Whenever anything changes there is always a recoil as you learn to adapt to the thing that is now very different to how it was yesterday.

Good design normally guides you through the transition allowing you to embrace change, and educating you along the way.

Sonos hasn't taken that approach here, and the result is one that many will find themselves recoiling from too much in first 10 minutes as they try to understand what has changed and how to embrace those changes.

Once you do work out that words are in some cases buttons or that pressing an icon that looks like nothing you know already is a menu to another system, then the app makes sense and is a joy to use.

We love the universal search, the design, and the fact that is it now a lot more in keeping with the iOS operating system it is being used on.

For Android users, be prepared to see what it is like to use iOS 7. This app is a vast difference from what you use on Android day to day and it takes no design queue from Google at all. But then we know that you'll probably be used to not having apps stick to a cohesive design language anyway.
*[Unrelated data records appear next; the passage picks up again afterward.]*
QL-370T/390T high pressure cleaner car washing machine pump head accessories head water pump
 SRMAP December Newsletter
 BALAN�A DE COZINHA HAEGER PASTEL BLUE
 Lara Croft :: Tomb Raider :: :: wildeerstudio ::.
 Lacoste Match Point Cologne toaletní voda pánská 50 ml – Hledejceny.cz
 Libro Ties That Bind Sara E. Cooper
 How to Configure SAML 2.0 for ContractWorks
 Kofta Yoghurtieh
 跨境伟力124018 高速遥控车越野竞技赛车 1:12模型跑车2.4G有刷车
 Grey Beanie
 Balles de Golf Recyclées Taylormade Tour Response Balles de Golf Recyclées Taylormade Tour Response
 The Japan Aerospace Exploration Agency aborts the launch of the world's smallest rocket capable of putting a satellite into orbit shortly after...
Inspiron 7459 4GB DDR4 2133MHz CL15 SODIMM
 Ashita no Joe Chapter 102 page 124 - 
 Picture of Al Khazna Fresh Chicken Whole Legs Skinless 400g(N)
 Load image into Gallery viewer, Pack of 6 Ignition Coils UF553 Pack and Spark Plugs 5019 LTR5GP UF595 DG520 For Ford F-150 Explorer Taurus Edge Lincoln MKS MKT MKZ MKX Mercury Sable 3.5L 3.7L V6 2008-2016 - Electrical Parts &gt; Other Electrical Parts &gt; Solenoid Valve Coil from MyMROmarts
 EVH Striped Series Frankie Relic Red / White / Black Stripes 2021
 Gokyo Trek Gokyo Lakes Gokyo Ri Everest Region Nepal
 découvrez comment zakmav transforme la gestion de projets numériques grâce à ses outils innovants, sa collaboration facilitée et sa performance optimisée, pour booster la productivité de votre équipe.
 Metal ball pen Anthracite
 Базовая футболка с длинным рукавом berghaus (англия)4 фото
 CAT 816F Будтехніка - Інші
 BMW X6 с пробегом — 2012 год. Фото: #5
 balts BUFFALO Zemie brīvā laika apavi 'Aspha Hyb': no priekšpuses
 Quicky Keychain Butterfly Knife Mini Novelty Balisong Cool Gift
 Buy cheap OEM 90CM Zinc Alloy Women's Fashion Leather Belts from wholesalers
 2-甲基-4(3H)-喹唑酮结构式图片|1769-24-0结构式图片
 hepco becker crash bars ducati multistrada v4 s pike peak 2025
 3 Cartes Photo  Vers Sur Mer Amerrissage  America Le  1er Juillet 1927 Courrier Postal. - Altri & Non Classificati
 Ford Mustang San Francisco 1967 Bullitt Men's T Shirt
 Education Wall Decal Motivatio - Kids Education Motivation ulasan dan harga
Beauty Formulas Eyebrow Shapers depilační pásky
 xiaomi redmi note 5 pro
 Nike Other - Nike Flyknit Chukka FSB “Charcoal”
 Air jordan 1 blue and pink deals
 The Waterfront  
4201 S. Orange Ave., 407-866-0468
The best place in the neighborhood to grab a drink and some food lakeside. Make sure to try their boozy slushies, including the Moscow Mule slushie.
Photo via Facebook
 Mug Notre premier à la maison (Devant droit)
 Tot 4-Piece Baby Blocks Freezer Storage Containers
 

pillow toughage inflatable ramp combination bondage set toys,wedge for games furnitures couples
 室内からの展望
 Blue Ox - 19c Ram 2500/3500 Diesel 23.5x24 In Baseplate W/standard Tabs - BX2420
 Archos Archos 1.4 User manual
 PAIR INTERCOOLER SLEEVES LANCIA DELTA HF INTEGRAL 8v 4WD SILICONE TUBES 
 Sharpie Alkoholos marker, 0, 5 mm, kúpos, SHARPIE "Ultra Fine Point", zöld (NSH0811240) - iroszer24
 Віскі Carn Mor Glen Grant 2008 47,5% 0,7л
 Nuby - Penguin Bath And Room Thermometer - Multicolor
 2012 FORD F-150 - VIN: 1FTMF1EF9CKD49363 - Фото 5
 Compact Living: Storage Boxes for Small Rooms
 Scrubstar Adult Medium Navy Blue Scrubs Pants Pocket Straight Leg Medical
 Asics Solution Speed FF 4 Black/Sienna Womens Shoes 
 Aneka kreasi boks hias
Yes there are improvements we would still like. The Sonos controller app is still a tool to helping you listen to music, not one that will help you discover that music for you. Spotify still doesn't have an artist radio feature for example in the app.

Sonos has said that new features are coming and that this update is all about putting the foundations in place for bigger, better things.

Let us hope that by the time the app is launched, in April, there is a quick tutorial to show you what all those new buttons are, else you'll find that you'll be scratching your head a lot to start with.